Al-Dahdouh enterrou o filho e voltou a trabalhar. Ele já tinha perdido a esposa, dois outros filhos e o neto na mesma guerra. “O mundo todo deve olhar o que está acontecendo em Gaza”, ele disse. “O que acontece é uma grande injustiça contra o povo indefeso. É também injusto para nós, jornalistas”. Às críticas, o porta-voz militar divulgou um comunicado: “As IDF (Forças de Defesa de Israel) não visam jornalistas de forma propositada e tomam medidas para mitigar danos não intencionais a jornalistas e a todos os civis". E acrescenta: “As forças armadas estão visando todas as atividades militares do Hamas em Gaza", o que implica "ataques de alta intensidade, que podem causar danos em edifícios e áreas circundantes”.


A Al Jazeera não aceitou a explicação e a rebateu, acusando Israel de "violar os princípios da liberdade de imprensa" e de “visar deliberadamente os jornalistas”. Havia um precedente, anterior à guerra em Gaza: a morte de Shireen Abu Akleh, em Jenin, na Cisjordânia. Além de palestina, ela tinha nacionalidade americana. A Al Jazeera, a organização jornalística que mais perdeu jornalistas na guerra, iniciou uma investigação independente contra Israel na Corte Criminal Internacional de Haia, na Holanda, onde também a Ong Repórteres Sem Fronteira prestou queixa. O Comitê para a Proteção a Jornalistas, em Nova York, classificou 43 das primeiras 50 mortes em Gaza como resultado de “missão perigosa”. Ela está investigando cada caso.
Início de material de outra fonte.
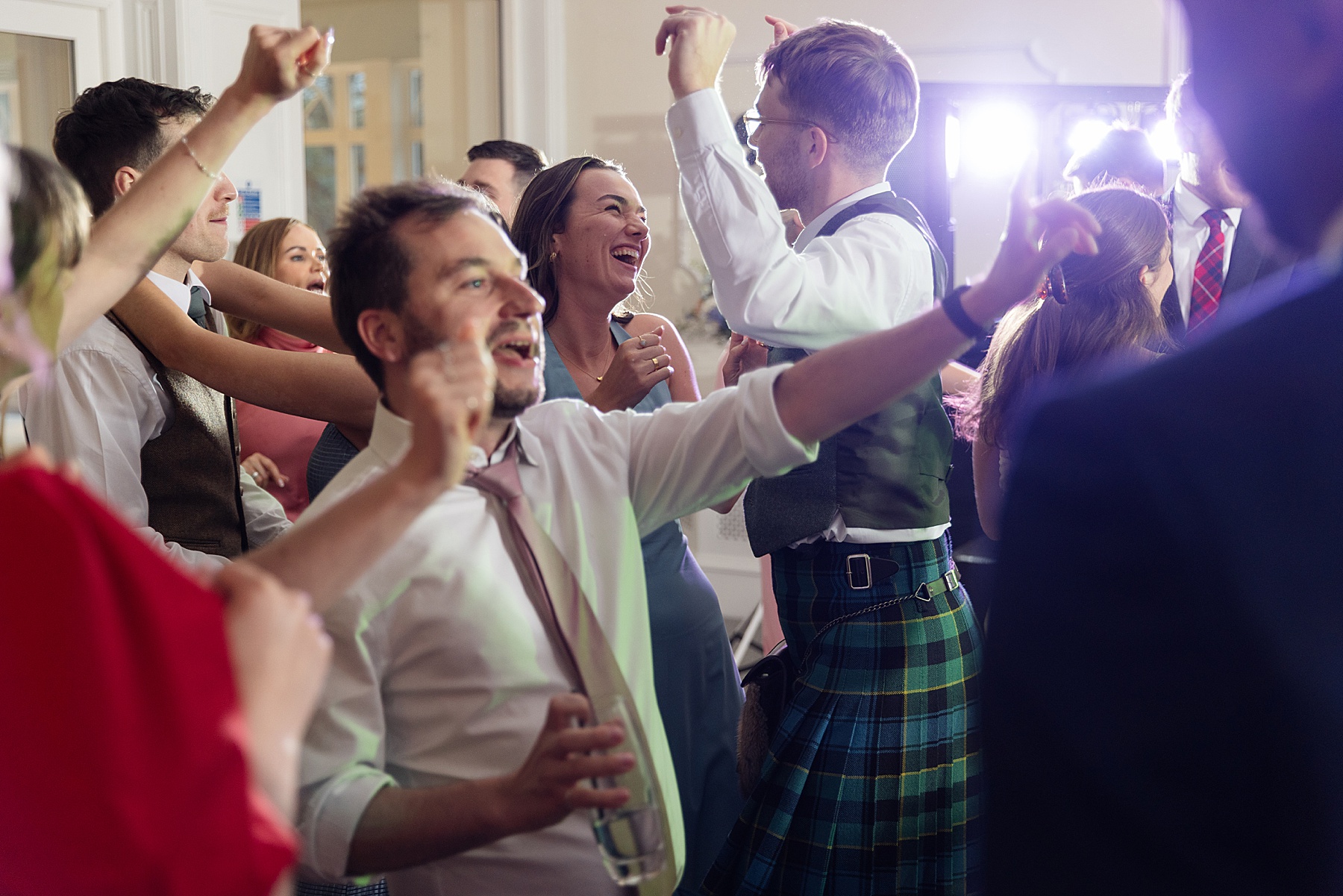 Lochgreen House Hotel Wedding Photography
A guerra em Gaza é a cobertura mais mortífera para jornalistas em zonas de conflito no século XXI. Mais do que na América do Sul, onde se sobressai o México; no Afeganistão, no Iraque, em Ruanda, na Ucrânia e na guerra do Líbano, que cobri, em 1982, para jornais brasileiros. Então, para não ser alvo de aviões israelenses, recebia uma toalha para pôr no teto do carro. Cada dia ela mudava de cor. Era a informação para os pilotos: carro de jornalista.